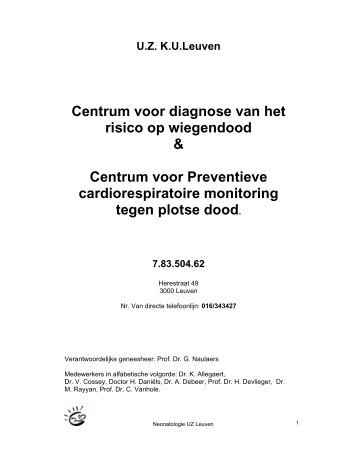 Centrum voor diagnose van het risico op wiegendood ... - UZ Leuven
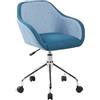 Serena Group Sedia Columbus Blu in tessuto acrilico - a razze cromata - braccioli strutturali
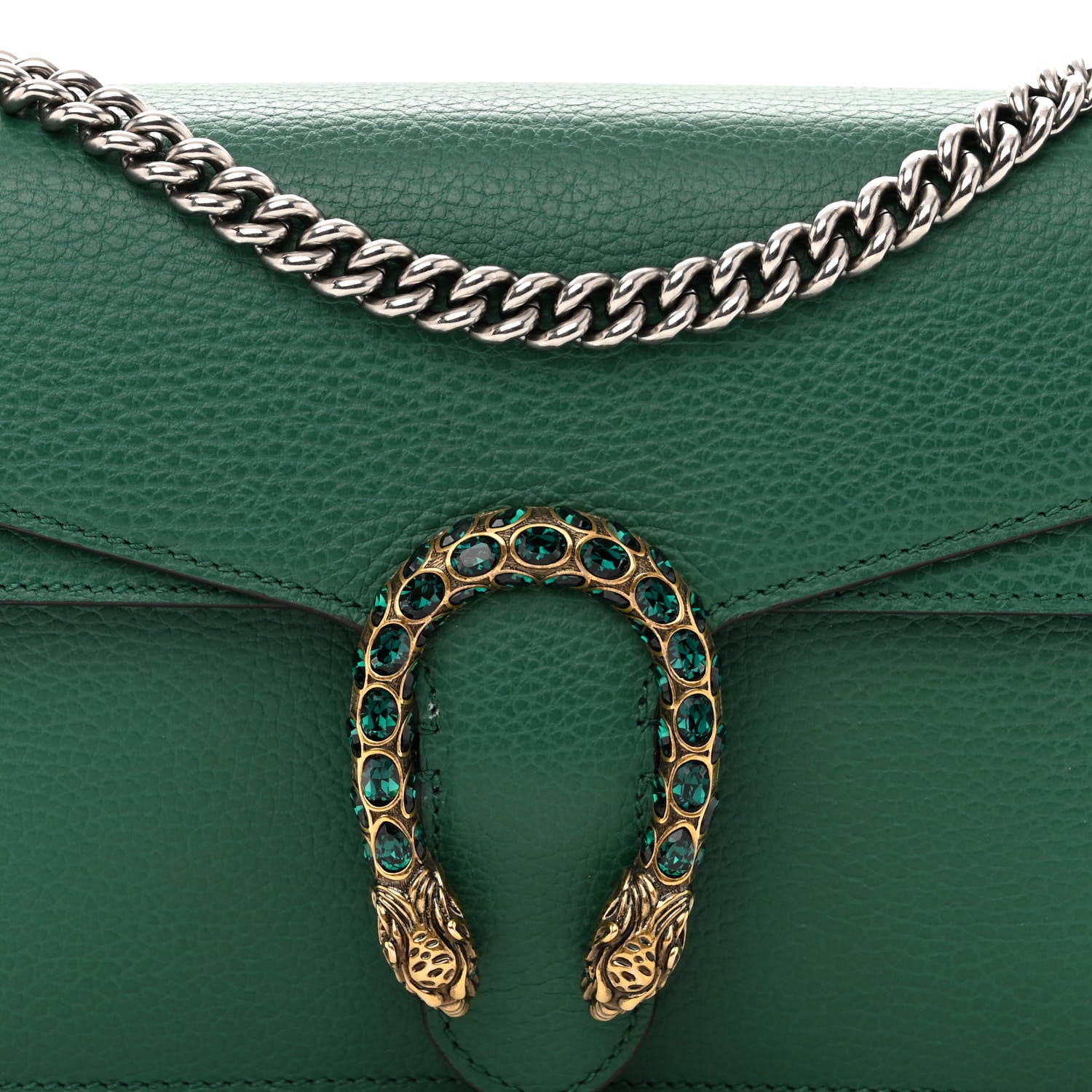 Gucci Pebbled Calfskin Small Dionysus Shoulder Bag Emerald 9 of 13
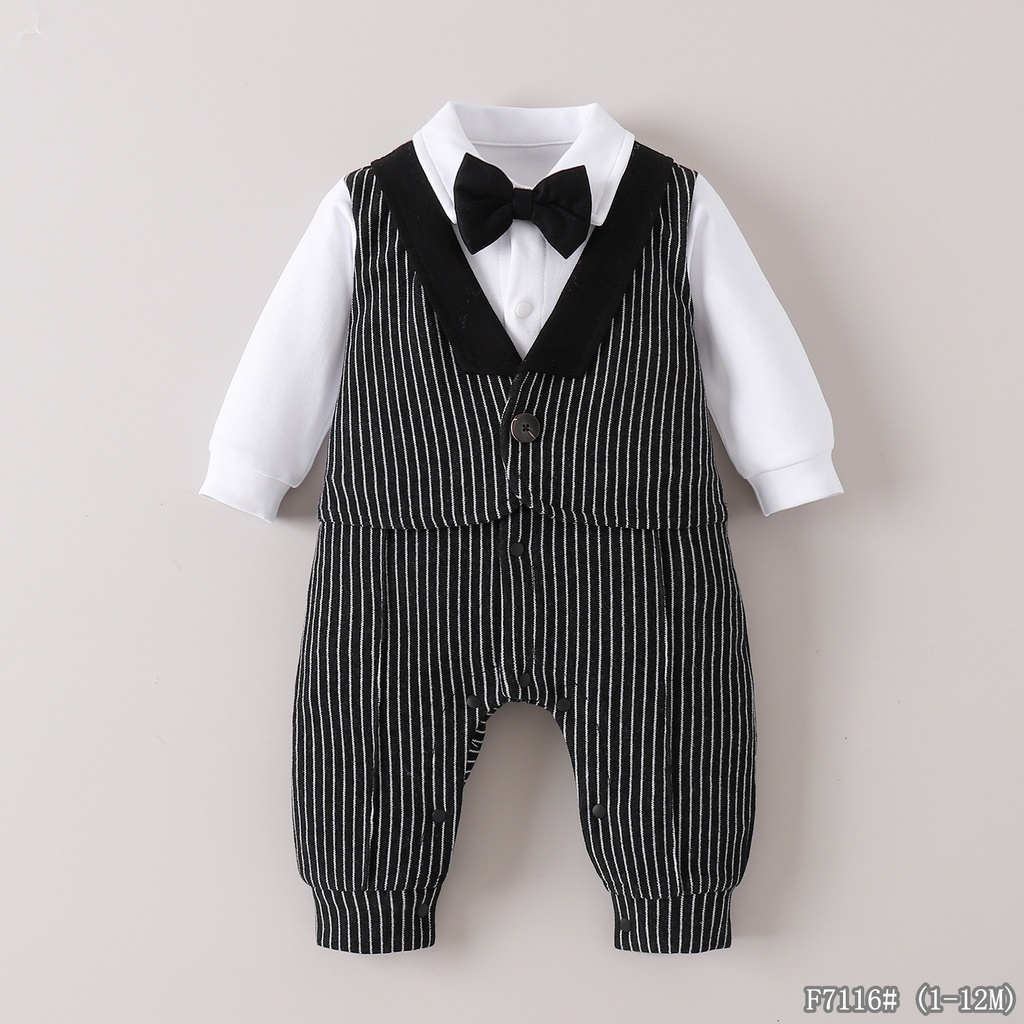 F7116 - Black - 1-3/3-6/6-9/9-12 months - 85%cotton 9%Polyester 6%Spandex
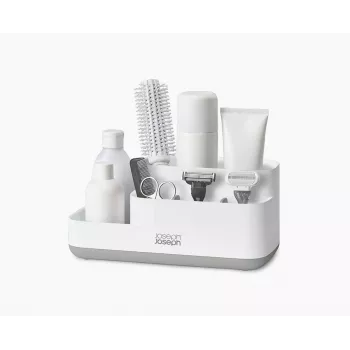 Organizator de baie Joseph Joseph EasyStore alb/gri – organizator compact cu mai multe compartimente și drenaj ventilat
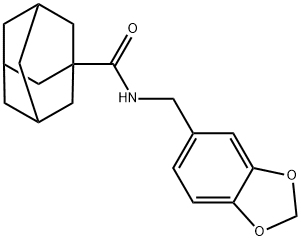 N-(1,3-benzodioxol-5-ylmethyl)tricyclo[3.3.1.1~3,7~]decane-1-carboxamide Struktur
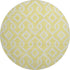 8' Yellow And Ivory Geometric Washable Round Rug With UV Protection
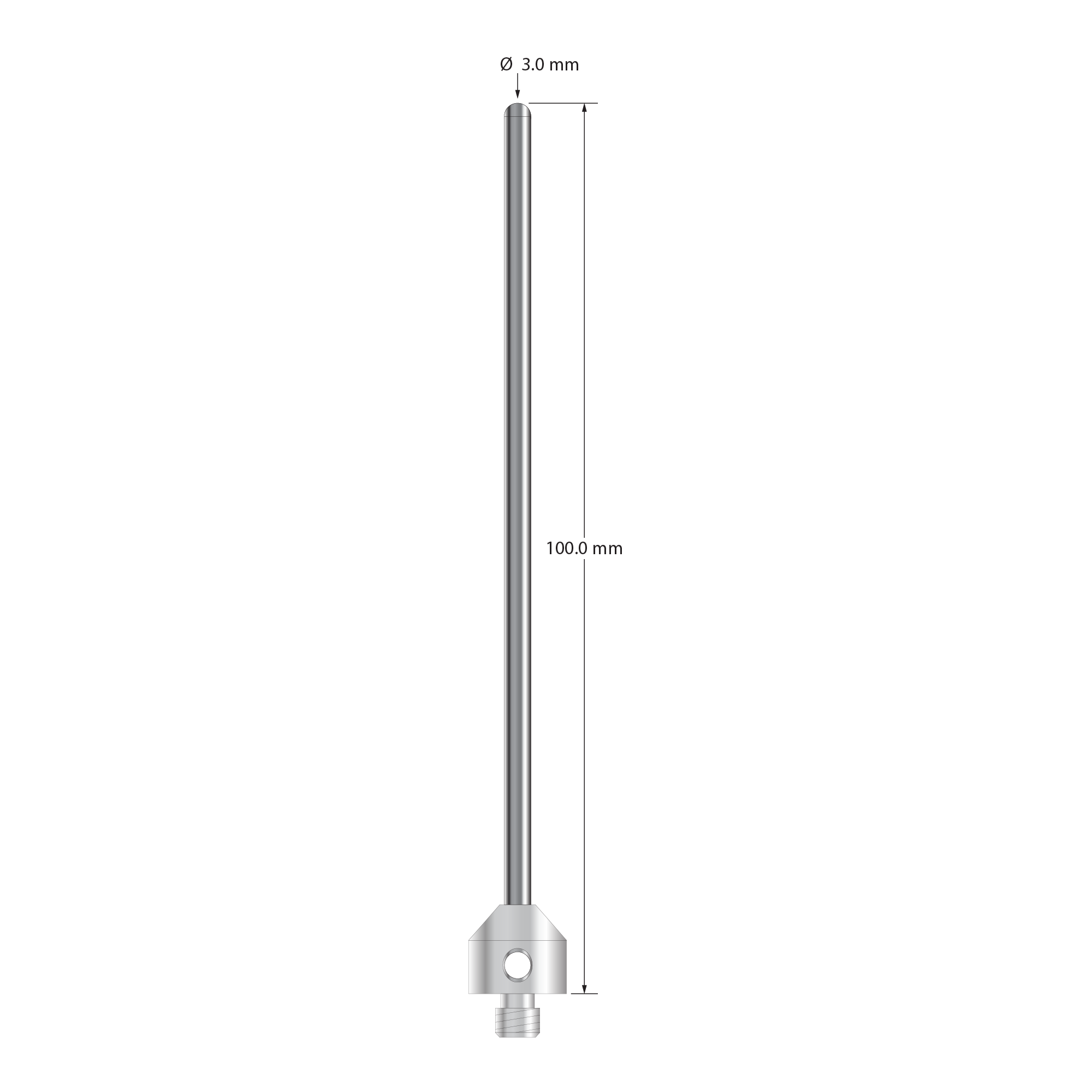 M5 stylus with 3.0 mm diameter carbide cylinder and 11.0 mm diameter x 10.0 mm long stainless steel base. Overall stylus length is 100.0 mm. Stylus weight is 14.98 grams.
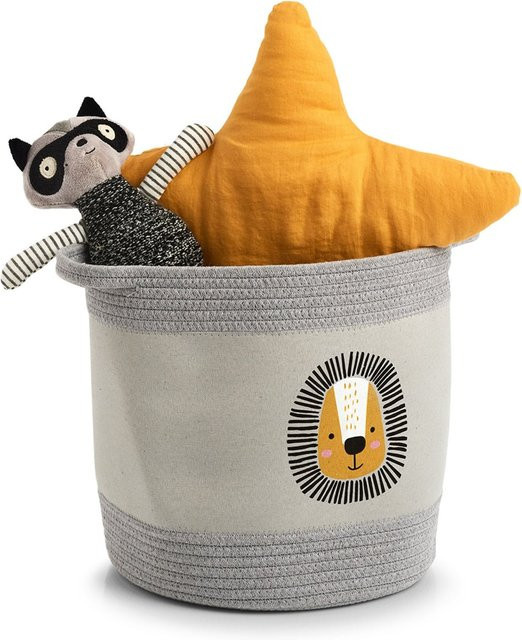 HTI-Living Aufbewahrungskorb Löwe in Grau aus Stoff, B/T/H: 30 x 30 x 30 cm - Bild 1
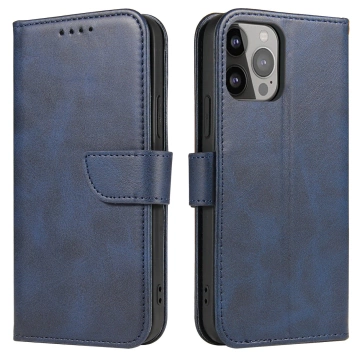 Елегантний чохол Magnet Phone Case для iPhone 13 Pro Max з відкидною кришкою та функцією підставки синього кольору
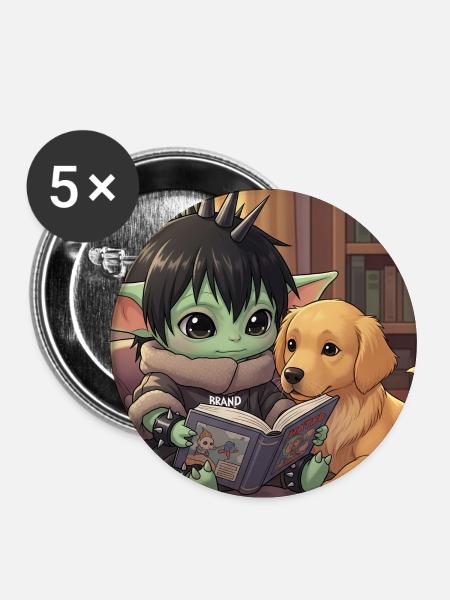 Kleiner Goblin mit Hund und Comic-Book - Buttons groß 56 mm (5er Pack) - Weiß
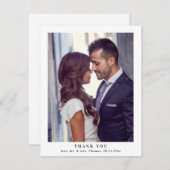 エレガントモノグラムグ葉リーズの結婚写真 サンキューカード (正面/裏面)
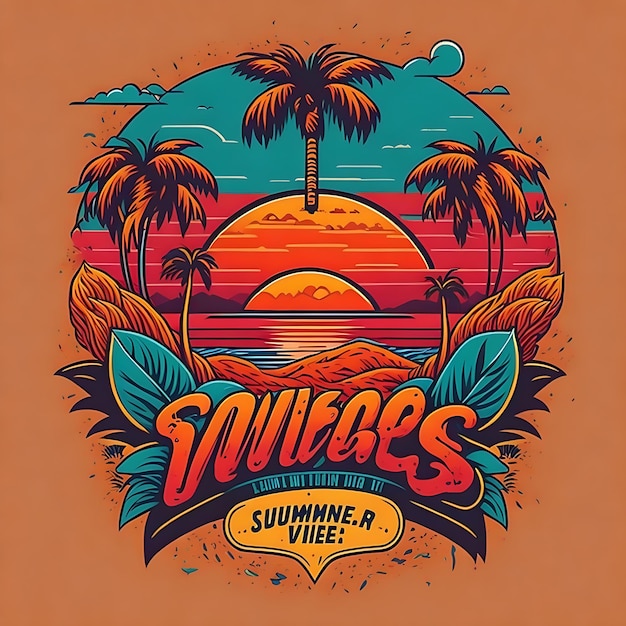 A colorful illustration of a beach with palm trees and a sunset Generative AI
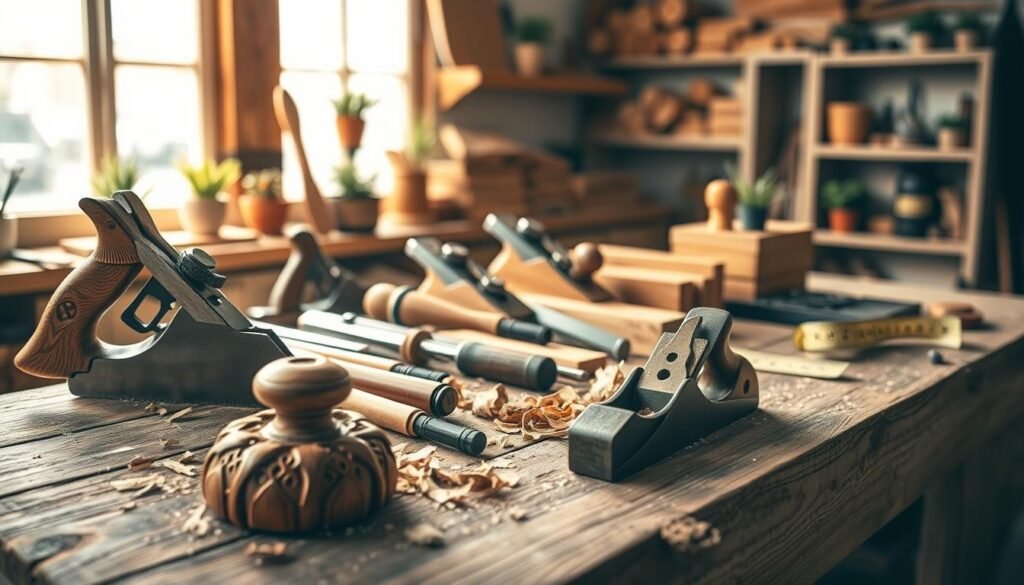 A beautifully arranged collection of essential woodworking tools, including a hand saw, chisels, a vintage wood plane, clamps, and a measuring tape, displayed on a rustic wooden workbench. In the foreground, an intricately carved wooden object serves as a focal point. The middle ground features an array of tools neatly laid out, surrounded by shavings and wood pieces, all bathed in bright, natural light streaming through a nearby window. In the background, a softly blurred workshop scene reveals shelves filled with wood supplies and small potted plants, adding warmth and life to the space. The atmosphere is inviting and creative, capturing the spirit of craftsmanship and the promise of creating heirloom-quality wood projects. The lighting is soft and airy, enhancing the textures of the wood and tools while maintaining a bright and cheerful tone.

WHAT YOU NEED TO DO => From the first line to the last, repeat the listing exactly and skip its images.

RESPONSE TO THE EXERCISE =>
 Centrum voor diagnose van het risico op wiegendood ... - UZ Leuven
 Serena Group Sedia Columbus Blu in tessuto acrilico - a razze cromata - braccioli strutturali
 Gucci Pebbled Calfskin Small Dionysus Shoulder Bag Emerald 9 of 13
 F7116 - Black - 1-3/3-6/6-9/9-12 months - 85%cotton 9%Polyester 6%Spandex
 Organizator de baie Joseph Joseph EasyStore alb/gri – organizator compact cu mai multe compartimente și drenaj ventilat
 N-(1,3-benzodioxol-5-ylmethyl)tricyclo[3.3.1.1~3,7~]decane-1-carboxamide Struktur
 8' Yellow And Ivory Geometric Washable Round Rug With UV Protection
 M5 stylus with 3.0 mm diameter carbide cylinder and 11.0 mm diameter x 10.0 mm long stainless steel base. Overall stylus length is 100.0 mm. Stylus weight is 14.98 grams.
 HTI-Living Aufbewahrungskorb Löwe in Grau aus Stoff, B/T/H: 30 x 30 x 30 cm - Bild 1
 Елегантний чохол Magnet Phone Case для iPhone 13 Pro Max з відкидною кришкою та функцією підставки синього кольору
 Kleiner Goblin mit Hund und Comic-Book - Buttons groß 56 mm (5er Pack) - Weiß
 エレガントモノグラムグ葉リーズの結婚写真 サンキューカード (正面/裏面)
 A colorful illustration of a beach with palm trees and a sunset Generative AI
 A beautifully arranged collection of essential woodworking tools, including a hand saw, chisels, a vintage wood plane, clamps, and a measuring tape, displayed on a rustic wooden workbench. In the foreground, an intricately carved wooden object serves as a focal point. The middle ground features an array of tools neatly laid out, surrounded by shavings and wood pieces, all bathed in bright, natural light streaming through a nearby window. In the background, a softly blurred workshop scene reveals shelves filled with wood supplies and small potted plants, adding warmth and life to the space. The atmosphere is inviting and creative, capturing the spirit of craftsmanship and the promise of creating heirloom-quality wood projects. The lighting is soft and airy, enhancing the textures of the wood and tools while maintaining a bright and cheerful tone.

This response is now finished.